▸ **Task description**:
Leave out pictures; repeat exactly the lines from the "Image of a very" line through the last of the data below.

▸ **Material provided**:
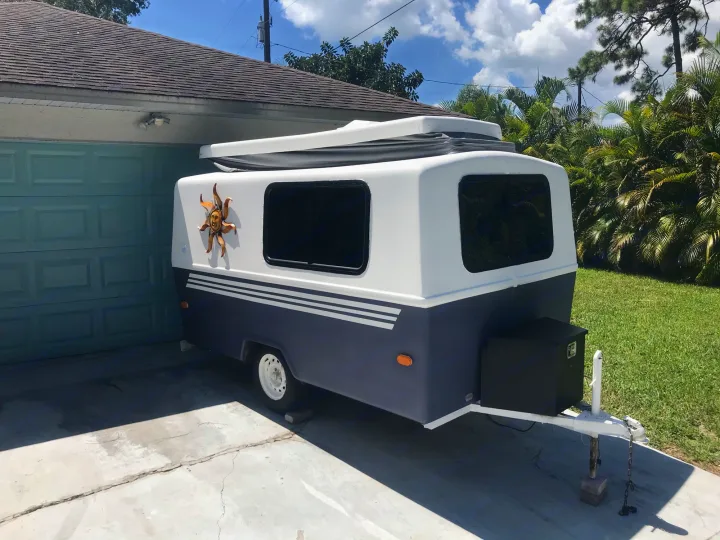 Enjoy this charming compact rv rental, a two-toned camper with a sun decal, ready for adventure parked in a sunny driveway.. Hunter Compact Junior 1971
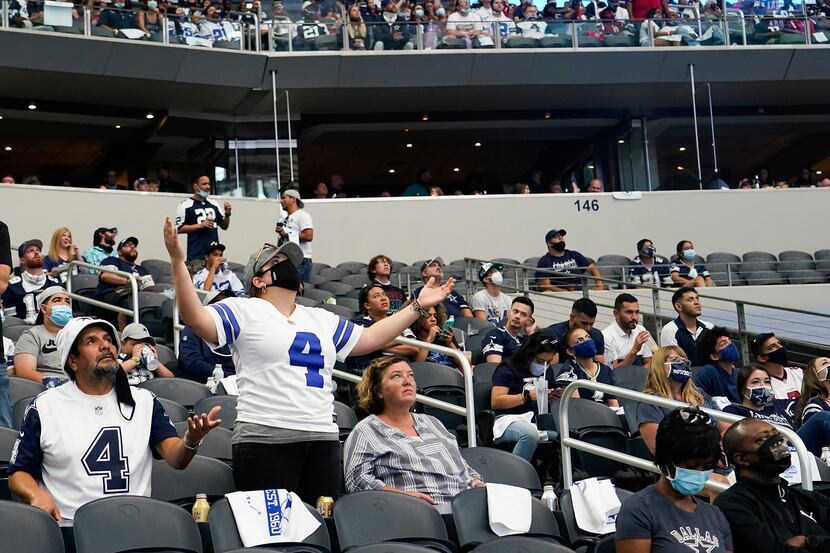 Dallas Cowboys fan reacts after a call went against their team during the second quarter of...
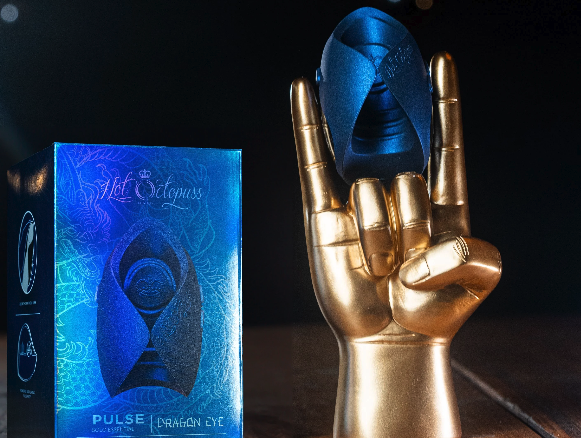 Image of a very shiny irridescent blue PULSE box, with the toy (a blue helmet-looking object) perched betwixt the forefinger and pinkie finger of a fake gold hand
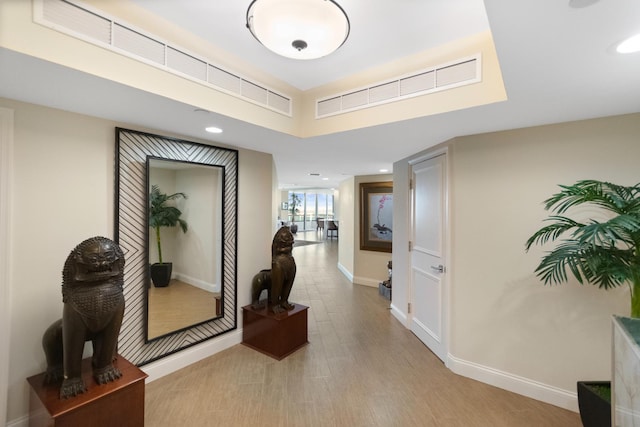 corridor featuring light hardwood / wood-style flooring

▸ **Answer space**:
 Image of a very shiny irridescent blue PULSE box, with the toy (a blue helmet-looking object) perched betwixt the forefinger and pinkie finger of a fake gold hand
 corridor featuring light hardwood / wood-style flooring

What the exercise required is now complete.